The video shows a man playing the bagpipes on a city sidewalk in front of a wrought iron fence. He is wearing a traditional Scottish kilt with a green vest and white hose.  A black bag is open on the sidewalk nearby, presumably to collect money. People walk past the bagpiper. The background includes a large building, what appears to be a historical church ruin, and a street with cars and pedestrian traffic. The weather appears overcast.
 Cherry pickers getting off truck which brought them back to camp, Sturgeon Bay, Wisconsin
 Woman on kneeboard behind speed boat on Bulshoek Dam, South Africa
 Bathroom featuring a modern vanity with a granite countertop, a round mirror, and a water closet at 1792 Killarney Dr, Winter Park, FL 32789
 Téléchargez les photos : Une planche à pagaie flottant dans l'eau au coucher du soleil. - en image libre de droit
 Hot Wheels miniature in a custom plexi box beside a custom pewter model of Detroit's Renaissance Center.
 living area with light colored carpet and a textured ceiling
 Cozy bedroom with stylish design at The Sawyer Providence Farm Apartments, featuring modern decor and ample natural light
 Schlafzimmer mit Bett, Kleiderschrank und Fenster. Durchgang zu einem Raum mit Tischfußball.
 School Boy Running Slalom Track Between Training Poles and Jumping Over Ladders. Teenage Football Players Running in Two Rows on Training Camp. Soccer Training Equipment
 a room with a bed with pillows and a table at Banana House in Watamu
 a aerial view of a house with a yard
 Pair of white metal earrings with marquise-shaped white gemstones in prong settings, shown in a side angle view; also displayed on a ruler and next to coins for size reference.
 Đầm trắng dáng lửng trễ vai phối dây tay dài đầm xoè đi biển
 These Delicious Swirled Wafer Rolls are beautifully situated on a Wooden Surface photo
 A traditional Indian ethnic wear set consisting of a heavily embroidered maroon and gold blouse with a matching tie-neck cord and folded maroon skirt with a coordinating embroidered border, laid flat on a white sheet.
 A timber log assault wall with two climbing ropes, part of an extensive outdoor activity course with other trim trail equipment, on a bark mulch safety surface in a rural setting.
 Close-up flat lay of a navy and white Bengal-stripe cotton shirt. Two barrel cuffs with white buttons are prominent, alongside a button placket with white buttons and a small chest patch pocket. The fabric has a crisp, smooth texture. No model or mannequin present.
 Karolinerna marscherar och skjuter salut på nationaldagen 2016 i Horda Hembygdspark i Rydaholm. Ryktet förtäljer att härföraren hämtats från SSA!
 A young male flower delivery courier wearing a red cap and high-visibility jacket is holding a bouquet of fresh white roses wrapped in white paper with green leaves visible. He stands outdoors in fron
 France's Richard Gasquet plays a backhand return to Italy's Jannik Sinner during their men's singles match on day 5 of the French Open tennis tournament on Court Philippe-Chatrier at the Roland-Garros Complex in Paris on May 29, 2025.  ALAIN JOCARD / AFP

• • • •

**Brief:** Starting at the line that has "Cozy bedroom with" and ending at the line that has "A young male", please write out the lines above exactly, leaving out all others.

**Written reply:**
 Cozy bedroom with stylish design at The Sawyer Providence Farm Apartments, featuring modern decor and ample natural light
 Schlafzimmer mit Bett, Kleiderschrank und Fenster. Durchgang zu einem Raum mit Tischfußball.
 School Boy Running Slalom Track Between Training Poles and Jumping Over Ladders. Teenage Football Players Running in Two Rows on Training Camp. Soccer Training Equipment
 a room with a bed with pillows and a table at Banana House in Watamu
 a aerial view of a house with a yard
 Pair of white metal earrings with marquise-shaped white gemstones in prong settings, shown in a side angle view; also displayed on a ruler and next to coins for size reference.
 Đầm trắng dáng lửng trễ vai phối dây tay dài đầm xoè đi biển
 These Delicious Swirled Wafer Rolls are beautifully situated on a Wooden Surface photo
 A traditional Indian ethnic wear set consisting of a heavily embroidered maroon and gold blouse with a matching tie-neck cord and folded maroon skirt with a coordinating embroidered border, laid flat on a white sheet.
 A timber log assault wall with two climbing ropes, part of an extensive outdoor activity course with other trim trail equipment, on a bark mulch safety surface in a rural setting.
 Close-up flat lay of a navy and white Bengal-stripe cotton shirt. Two barrel cuffs with white buttons are prominent, alongside a button placket with white buttons and a small chest patch pocket. The fabric has a crisp, smooth texture. No model or mannequin present.
 Karolinerna marscherar och skjuter salut på nationaldagen 2016 i Horda Hembygdspark i Rydaholm. Ryktet förtäljer att härföraren hämtats från SSA!
 A young male flower delivery courier wearing a red cap and high-visibility jacket is holding a bouquet of fresh white roses wrapped in white paper with green leaves visible. He stands outdoors in fron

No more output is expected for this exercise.